The antinausea drug ondansetron (Zofran) has helped reduce drinking and cravings and increase abstinence in patients with early-onset AUD (those aged 25 or younger).  Some research has narrowed down potential candidates for ondansetron benefits to those with a specific genotype. The researchers propose a pharmacogenetic approach — determining drug response in relation to specific genes — using ondansetron to treat severe drinking and improve abstinence in people with AUD. Common side effects of ondansetron include headache, constipation and fatigue.

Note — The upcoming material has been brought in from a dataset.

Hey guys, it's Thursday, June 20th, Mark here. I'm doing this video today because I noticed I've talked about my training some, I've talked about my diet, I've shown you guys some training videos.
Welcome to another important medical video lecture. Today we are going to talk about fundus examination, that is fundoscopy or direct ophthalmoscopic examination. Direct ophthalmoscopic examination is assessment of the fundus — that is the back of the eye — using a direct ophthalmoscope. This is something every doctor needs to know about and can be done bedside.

In an NIAAA supported study, the antismoking drug varenicline (Chantix) lowered the weekly percentage of heavy drinking days, the number of drinks per drinking day and alcohol craving compared to a placebo in people with AUD. The researchers suggest that when patients come in to see their healthcare provider for smoking cessation, it could be an opportunity for clinicians to identify patients at risk for AUD. They note that more research is needed to confirm these apparent benefits and identify those who could benefit most from varenicline. Common side effects of varenicline include nausea, abnormal dreams and constipation.

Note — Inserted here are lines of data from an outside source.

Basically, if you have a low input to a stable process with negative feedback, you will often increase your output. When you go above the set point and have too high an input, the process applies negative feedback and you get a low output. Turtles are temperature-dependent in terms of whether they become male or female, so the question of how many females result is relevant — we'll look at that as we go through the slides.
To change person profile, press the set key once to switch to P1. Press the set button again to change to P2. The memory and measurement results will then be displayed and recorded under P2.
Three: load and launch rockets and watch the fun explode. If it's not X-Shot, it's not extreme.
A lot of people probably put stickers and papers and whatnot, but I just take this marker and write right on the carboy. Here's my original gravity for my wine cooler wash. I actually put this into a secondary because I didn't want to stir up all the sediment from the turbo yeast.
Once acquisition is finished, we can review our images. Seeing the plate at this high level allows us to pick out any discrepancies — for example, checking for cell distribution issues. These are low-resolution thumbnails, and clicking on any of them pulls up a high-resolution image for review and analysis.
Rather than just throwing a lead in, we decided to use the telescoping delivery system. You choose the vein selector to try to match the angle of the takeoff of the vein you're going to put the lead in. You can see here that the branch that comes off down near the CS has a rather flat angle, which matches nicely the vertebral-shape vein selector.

In 2013 the drug nalmefene (Selincro) was approved for use in the European Union for people with AUD. The drug, which is similar to naltrexone, is to be taken as needed when patients feel they are at high risk of drinking. Although pre-approval trials showed a reduction in the number of heavy drinking days, a subsequent review of clinical trials for nalmefene found that none of the trials provided adequate evidence that the drug reduced alcohol consumption in people with AUD. The researchers reported in PLOS Medicine that the studies were flawed and did not establish the value of nalmefene for AUD treatment. In fact, when the researchers did their own analysis of the trial data, using proper procedures, they concluded that alcohol consumption outcomes did not differ between the nalmefene and placebo groups. 

A follow-up analysis in the journal Addiction reviewed clinical trials and approval-related documents pertaining to nalmefene and reported that “important weaknesses in nalmefene trial registration, design, analysis and reporting hamper efforts to understand if and how it can contribute to treating alcohol problems in general practice or elsewhere.” 

Nonetheless, medications along with psychosocial intervention are now considered the cornerstone of AUD treatment. Despite the promise of drug therapy, some former alcohol abusers emphasize that there is far more to staying sober, particularly after a medication regimen ends. Patricia Sams, for example, experienced a year of sometimes intense withdrawal symptoms after she finished 8 months of Vivitrol injections. During that time, Sams often found it difficult to focus, write steadily, and taste and smell food.

Sams is now helping to run a faith-based recovery center in Branson, Mo. She continues to seek counseling — including at AA meetings — when she needs help herself. “I’m free of the cravings, but once in a while my brain tells me that a drink would be nice,” she said. “Alcohol is all around us, but I’m very, very aware of it.”

This feature is an update of an article published September 4, 2015.